India’s Bharti Airtel has reported falling profits for the three months ending June 2013, despite growing its revenues, due to foreign exchange losses and rising tax charges in Africa.
The operator reported net income of INR6.89 billion ($113 million), compared with INR7.62 billion this time last year, and saw revenues rise by 9.2%, to INR20.3 billion, over the same period.
Bharti (New Delhi, India) has continued to grow its customer base, adding another 3.7 million subscribers over the recent three-month period to give it nearly 275 million customers in total.
The revenue growth, however, was largely down to higher spending among Indian customers, with average revenue per user up to INR200 a month from INR184 this time last year.
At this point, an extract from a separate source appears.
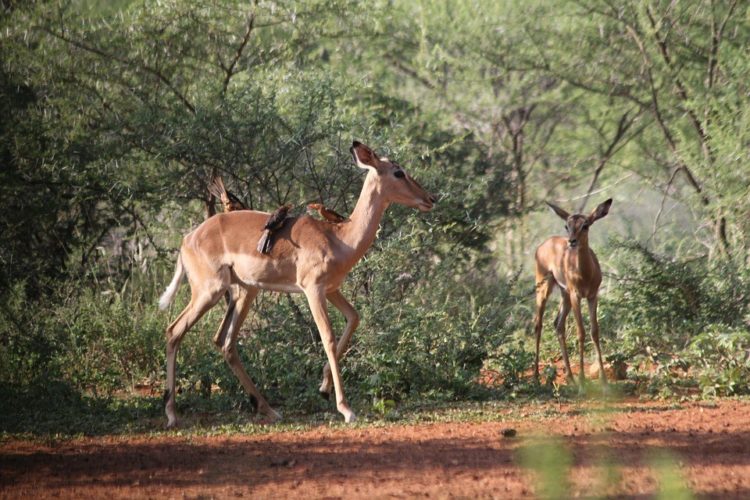 Two Impala and their avian friends roam freely in Limpopo Province.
Bharti attributed the increase to rising usage of voice services but the operator also flagged a 91.5% increase in data revenues in India, and growth of 65.8% in data revenues in Africa.
Investors responded positively to the news, sending Bharti’s share price on the Bombay Stock Exchange up by 5.8%, to INR339.65, during Wednesday morning trading, according to Bloomberg.
Another encouraging development was a $908 million reduction in net debt, leaving the operator with overall net debt of about $9.8 billion at the end of June 2013.
Bharti managed to raise about $1 billion by selling shares to Qatar Endowment Foundation and is considering divesting itself of shares in other holdings to further reduce its borrowings.
Chairman Sunil Mittal welcomed the performance during the recent quarter while taking the opportunity to criticize regulation of the telecoms sector in India.
“Our results for the quarter reflect the overall stability of our operations, and demonstrate the potential for growth, particularly seeing robust data growth across all geographies,” he said. “Results for Airtel India reflect rationality returning to the sector which needs to be complemented by a more enabling regulatory environment for a deeper penetration of telecoms and broadband services.”